Jacques Maritain       si sarebbe applicato agli stessi studi: Aristotele e san Tommaso, solo un anno più tardi e così scrive Raissa:

“Ma più tardi non ero io che avrei dovuto applicarmici, ma Jacques , filosofo per vocazione. Jacques non doveva affrontare lo studio di Aristotele e di san Tommaso che circa un anno più tardi. In qual maniera egli comprese i loro principi e come condusse la propria opera filosofica appare da tutte le sue opere…il mio grande privilegio fu di ricevere senza alcun merito e senza alcuna fatica, da una mano così cara, i frutti spirituali della sua fatica, ai quali non potevo attingere senza il suo aiuto, ed ai quali tuttavia aspiravo con un desiderio profondo e vitale. Sono stata esaudita in questa maniera; ho vissuto in un’atmosfera di rigore intellettuale e di dirittura spirituale grazie a san  Tommaso d’Aquino, grazie a Jacques e non posso più scrivere queste cose senza piangere di confusione e d’amore.

 

Scrive su di loro Pietro Viotto

Raissa e Jacques sono “la testimonianza di una spiritualità che manifesta come l’amore umano e l’amore divino, l’impegno culturale e l’ansia per l’apostolato possono convivere nell’esperienza di anime assetate di Assoluto in una reciprocità di intenti e di comprensione affettuosa…. Non c’è pagina che Jacques abbia scritto che prima Raissa non abbia ascoltato e discusso, come annota Jacques  nel 1963 ricordando le inquietudini e la sofferenza di Raissa:  “A dominare tutto il resto c’era poi la sua preoccupazione per il mio lavoro filosofico, e per la specie di perfezione che ne aspettava. A questo lavoro Raissa ha sacrificato tutto…”,

In questa collaborazione continua a Raissa spetta il primato della contemplazione e della poesia, a Jacques quello dell’azione e della filosofia. I Maritain non hanno elaborato la loro filosofia estetica attraverso delle deduzioni logiche, ma dal vivo della frequentazione degli artisti, con i quali convivevano e sui quali ebbero un’influenza profonda. Il loro lavoro filosofico consisteva secondo le stesse parole di Jacques: “nell’attaccare il diavolo sul suo stesso terreno. Si trattava di sloggiare dalle loro posizioni quelli che san Paolo chiama principati e potestà, e contro i quali si dice che il cristiano deve lottare più che contro le creature fatte di carne e sangue. Raissa, sospettava tutto questo. Capisco meglio adesso perché ha dovuto tanto soffrire. Era lei che portava il peso maggiore del combattimento, nelle profondità invisibili della sua preghiera e della sua oblazione”.
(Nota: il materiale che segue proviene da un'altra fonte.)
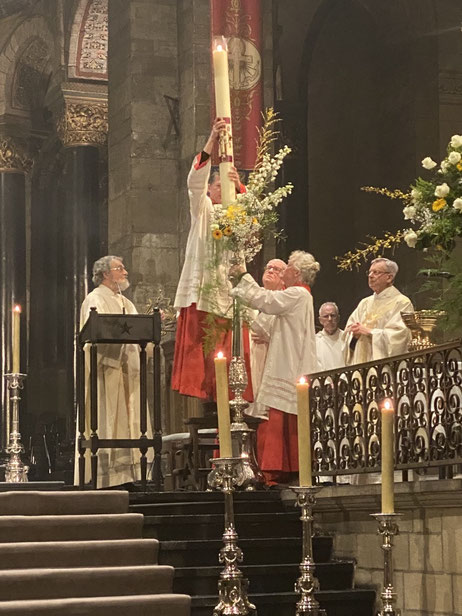 Maastricht - Onze Lieve Vrouwebasiliek - Paaswake 8 april 2023 - Opdracht voor alle mensen: 'Wees een bewuste Lichtdrager, eer de Goddelijke Vonk in jezelf en met anderen.' Foto: ThP 230408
E Viotto ci fa così teneramente riflettere: Jacques e  Raissa Maritain si sono santificati non malgrado il loro matrimonio ma attraverso il loro matrimonio, anche quando a un certo momento della loro vita coniugale hanno liberamente fatto voto di castità. Jacques ha scritto nel 1963 una lunga nota su Amore e amicizia… nella quale distingue l’amore di cupidigia e l’amore di dilezione fino a trasfigurare nell’amore folle per Dio l’amore coniugale. In questa prospettiva religiosa il coniuge ama ancora l’altro coniuge, ma non più per se stesso, bensì nell’amore di carità che tutto comprende, il desiderio come il possesso, la gioia come il dolore, l’amicizia come l’amore, perché gli sposi cristiani sono tutt’uno nel sacramento che li unisce a Dio. Non si tratta di negare l’amore romantico, l’amore umano, ma di evitare che decada nell’amore di cupidigia per elevarsi nell’amore d’amicizia.

Jacques così descrive la sua sposa:

“Bontà , purezza, Raissa va sempre fino in fondo nelle sue azioni, con un’intenzione ben dritta e una volontà integra: il suo coraggio è senza calcolo e la sua pietà senza difesa. Dove non c’è bellezza ella si sente soffocare, non può vivere. Raissa è sempre vissuta per la verità, non ha mai resistito alla  verità. Il suo spirito non ha mai fatto una grinza e il suo dolore non è stato mai mentito. Ella dona tutto, senza tenere nulla per sé; per il suo cuore come per il suo intelletto è la realtà essenziale che importa: nessun elemento accessorio riuscirebbe a farla esitare. Il suo pensiero e la sua natura sono per inclinazione intuitivi; siccome è una creatura tutta interiore, è tutta libera;  la sua ragione si appaga solo con il reale, la sua anima con l’assoluto” (in Maritain: “Ricordi e appunti”).